- AVAILABLE DATA -
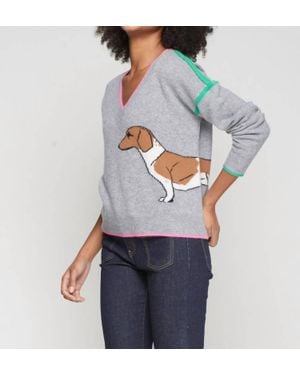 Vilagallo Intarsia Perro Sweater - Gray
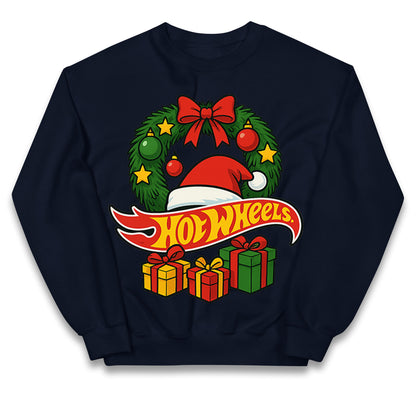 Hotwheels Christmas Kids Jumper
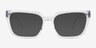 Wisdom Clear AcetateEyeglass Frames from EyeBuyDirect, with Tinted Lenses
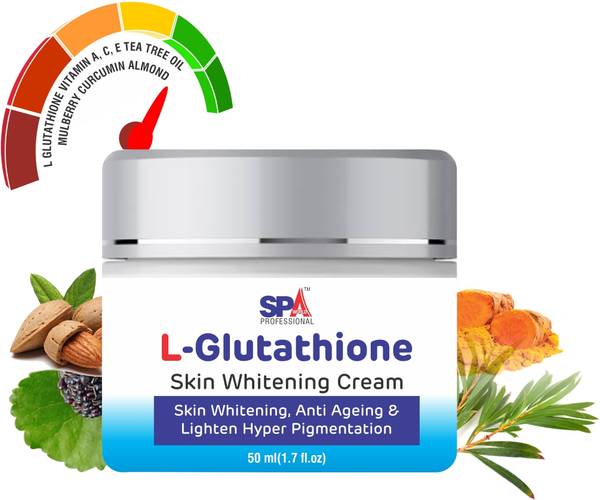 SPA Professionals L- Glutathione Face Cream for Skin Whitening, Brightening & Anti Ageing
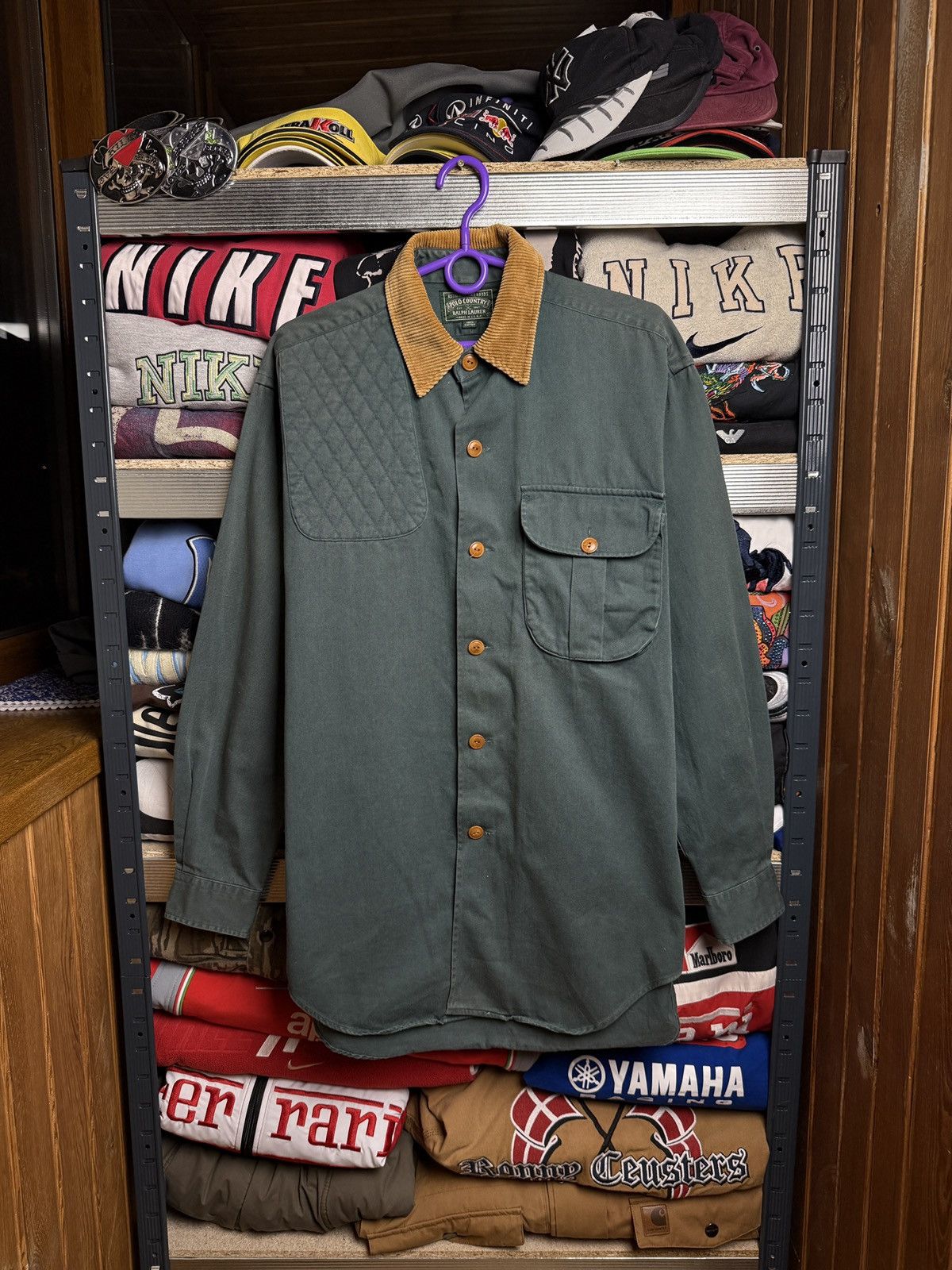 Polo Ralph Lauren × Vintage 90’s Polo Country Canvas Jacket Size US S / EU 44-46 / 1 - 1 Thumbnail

- AIM OF THE EXERCISE -
The result should hold only the lines from the line with "SPA Professionals L- Glutathione" through the final line of the records above, copied exactly, with pictures left out.

- RESULT OF THE TASK -
 SPA Professionals L- Glutathione Face Cream for Skin Whitening, Brightening & Anti Ageing
 Polo Ralph Lauren × Vintage 90’s Polo Country Canvas Jacket Size US S / EU 44-46 / 1 - 1 Thumbnail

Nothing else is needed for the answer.